** Opening DATASET EXTRACT block **

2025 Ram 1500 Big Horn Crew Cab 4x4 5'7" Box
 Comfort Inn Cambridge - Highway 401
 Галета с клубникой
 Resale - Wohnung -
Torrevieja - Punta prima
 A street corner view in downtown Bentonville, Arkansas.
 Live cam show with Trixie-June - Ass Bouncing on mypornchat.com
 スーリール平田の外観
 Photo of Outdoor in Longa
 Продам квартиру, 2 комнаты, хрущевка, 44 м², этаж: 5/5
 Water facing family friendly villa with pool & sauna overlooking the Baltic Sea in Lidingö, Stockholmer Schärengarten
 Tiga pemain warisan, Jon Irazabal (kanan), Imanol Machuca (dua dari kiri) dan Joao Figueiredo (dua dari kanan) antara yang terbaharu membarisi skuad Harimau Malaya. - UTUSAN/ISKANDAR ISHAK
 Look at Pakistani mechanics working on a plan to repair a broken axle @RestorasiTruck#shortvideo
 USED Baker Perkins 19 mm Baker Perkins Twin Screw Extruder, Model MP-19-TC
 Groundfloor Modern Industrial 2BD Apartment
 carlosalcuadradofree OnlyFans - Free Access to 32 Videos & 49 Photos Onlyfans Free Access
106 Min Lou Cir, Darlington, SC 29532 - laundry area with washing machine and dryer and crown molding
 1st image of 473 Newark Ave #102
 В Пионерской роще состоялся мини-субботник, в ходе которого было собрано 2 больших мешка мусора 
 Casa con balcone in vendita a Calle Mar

** Closing DATASET EXTRACT block **

Print exactly the lines above, starting at the line that contains "Photo of Outdoor in Longa" and ending with the last line of the records, both included.

> EXPECTED OUTPUT
 Photo of Outdoor in Longa
 Продам квартиру, 2 комнаты, хрущевка, 44 м², этаж: 5/5
 Water facing family friendly villa with pool & sauna overlooking the Baltic Sea in Lidingö, Stockholmer Schärengarten
 Tiga pemain warisan, Jon Irazabal (kanan), Imanol Machuca (dua dari kiri) dan Joao Figueiredo (dua dari kanan) antara yang terbaharu membarisi skuad Harimau Malaya. - UTUSAN/ISKANDAR ISHAK
 Look at Pakistani mechanics working on a plan to repair a broken axle @RestorasiTruck#shortvideo
 USED Baker Perkins 19 mm Baker Perkins Twin Screw Extruder, Model MP-19-TC
 Groundfloor Modern Industrial 2BD Apartment
 carlosalcuadradofree OnlyFans - Free Access to 32 Videos & 49 Photos Onlyfans Free Access
106 Min Lou Cir, Darlington, SC 29532 - laundry area with washing machine and dryer and crown molding
 1st image of 473 Newark Ave #102
 В Пионерской роще состоялся мини-субботник, в ходе которого было собрано 2 больших мешка мусора 
 Casa con balcone in vendita a Calle Mar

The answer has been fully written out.